Вера предков, народная
религия.
1.«То, что мы именуем
Язычеством, суть Родная Вера (Веда), которая наиболее близка Душе Русского
Народа». «Благодаря обращению к архетипам Русской Души, наша Родная Вера будет
жить – несмотря на все гонения – пока на Земле живет хотя бы один Русский
Человек». («Родные Боги», 2001. Орфография сохранена.)
Итак, один из главных аргументов
в пользу язычества, на котором особенно настаивают современные российские
неоязычники – язычество («Родноверие» и т.п.) свойственно русскому народу,
христианство же навязано ему насильно. Язычество есть уважение своих предков,
продолжение их традиций.
Рассмотрим это утверждение с
нескольких позиций. Прежде всего – что такое русский народ? Далее – как
выходит, что язычество свойственно русской душе? И наконец – может ли служить
национальность аргументом в пользу той или иной веры?
2.До крещения Руси на территории
Европейской России обитало множество племен – древляне, кривичи и т.д.

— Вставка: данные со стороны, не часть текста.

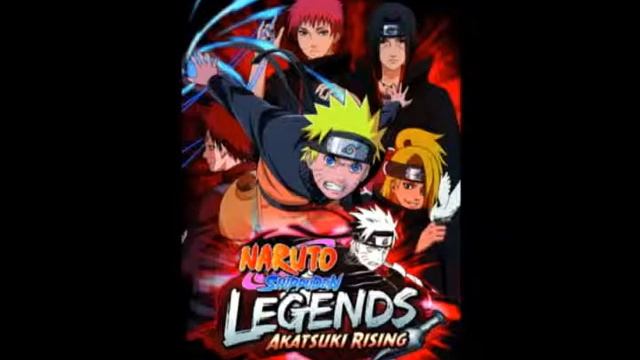 Naruto Shippuden Legends Akatsuki Rising ISO PSP смотреть онлайн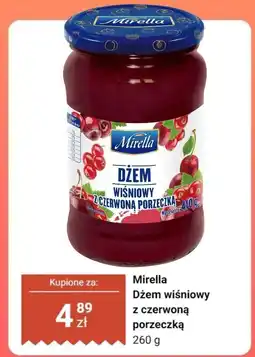 Dino Dżem wiśniowy z czerwoną porzeczką oferta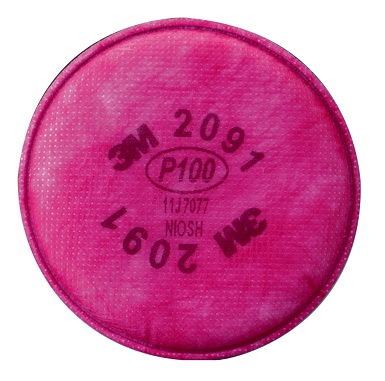 3M Performance Filter P100 for 3M Reusable Respirators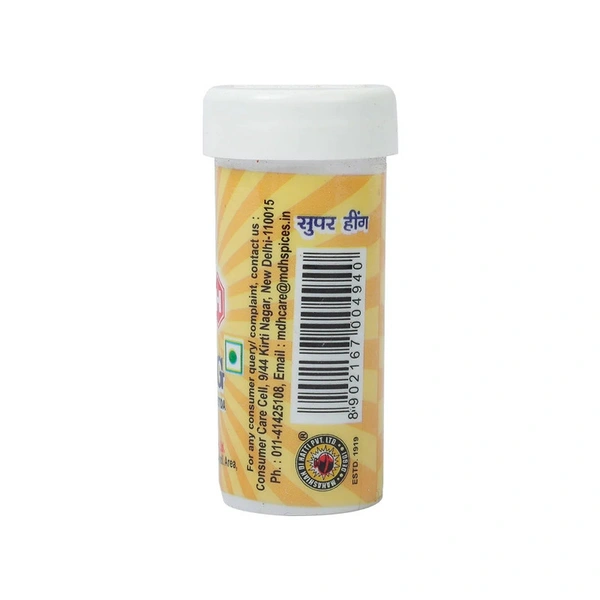 MDH Super Compounded Hing Powder - 10 gm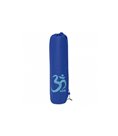 Сумка-чехол для йога-мата Easy bag синий ОМ от Bodhi 65 см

Русский народ как единое целое,
т.е. как группа людей, обладающих идентичным национальным самосознанием, где
каждый воспринимает себя прежде всего как представителя русского народа,
а не только древлян, кривичей и т.д. – начал складываться как раз с принятием
единой, обязательной для всех и, главное, единообразной веры – православия. Так
что если уж рассуждать, какая вера может быть «свойственна» русскому народу, то
естественно предположить, что эта вера, благодаря которой он и возник как народ
– православие.
3.Ладно, а вдруг действительно
язычество свойственно если уж не «русской душе», то «душе славянской», той
«душе», которая легла в основу русского народа?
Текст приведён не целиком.